Reading this compilation of Molnar’s life
work is a joy. George Molnar was an
architect, cartoonist, writer and teacher. His
cartoons appeared in the daily press from
the 1950s through to the 1980s and they
comprised a commentary on the issues of
the day. Molnar, with a background and
continuing interest in architecture, used his
cartoons to make particular comment on the
planning instruments that guided Sydney
developments. Much of the charm of this
book comes from these cartoons, and the
continuing relevance and incisiveness of his
observations to the people and events of his
time and today.
The book was inspired by an exhibition
with the same name, in 2001, of Molnar’s
cartoons in the City Exhibition Space at
Customs House, Sydney. The book expands
on the exhibition, placing the cartoons in
chronological order and locating them within
their historical context. Coverage of each
decade is preceded by commentary which
provides background to the issues explored
in the cartoons, supplies further insight to
the creation of the cartoons, from Molnar’s
personal viewpoint, and outlines the external
instruments of power that Molnar worked
within and but also criticised.
The book also includes a selection of
Molnar’s later works where he uses the
medium of watercolour, rather than the black
and white of his cartooning days. However,
even as an artist, Molnar does not discard
the culture of commentary drawn from his
cartooning history and he often includes
captions to his watercolours which give them
an additional dimension, often a fresh jibe at
the ridiculousness of the human condition.
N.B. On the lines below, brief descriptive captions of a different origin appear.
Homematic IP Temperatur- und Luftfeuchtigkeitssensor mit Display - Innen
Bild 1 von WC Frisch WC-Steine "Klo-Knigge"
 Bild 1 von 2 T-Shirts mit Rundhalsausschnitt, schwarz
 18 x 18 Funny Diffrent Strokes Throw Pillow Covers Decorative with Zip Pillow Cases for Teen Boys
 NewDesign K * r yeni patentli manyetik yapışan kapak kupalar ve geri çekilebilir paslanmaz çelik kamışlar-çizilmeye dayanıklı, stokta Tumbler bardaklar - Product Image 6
The book ends with a selection of extracts of
essays written by Molnar. What amazes is
the contrast between these two forms of
comment – where Molnar’s cartoons have
continuing relevance to our trials and
tribulations today, his writings seem dated
and their ideas outmoded.
The tone of the commentary is,
understandably, tinged by nostalgia. It is also
slightly apologetic, as it explains the cultural
climate in which Molnar lived and how it was
possible for him to create a strong public
debate about the built space of the city.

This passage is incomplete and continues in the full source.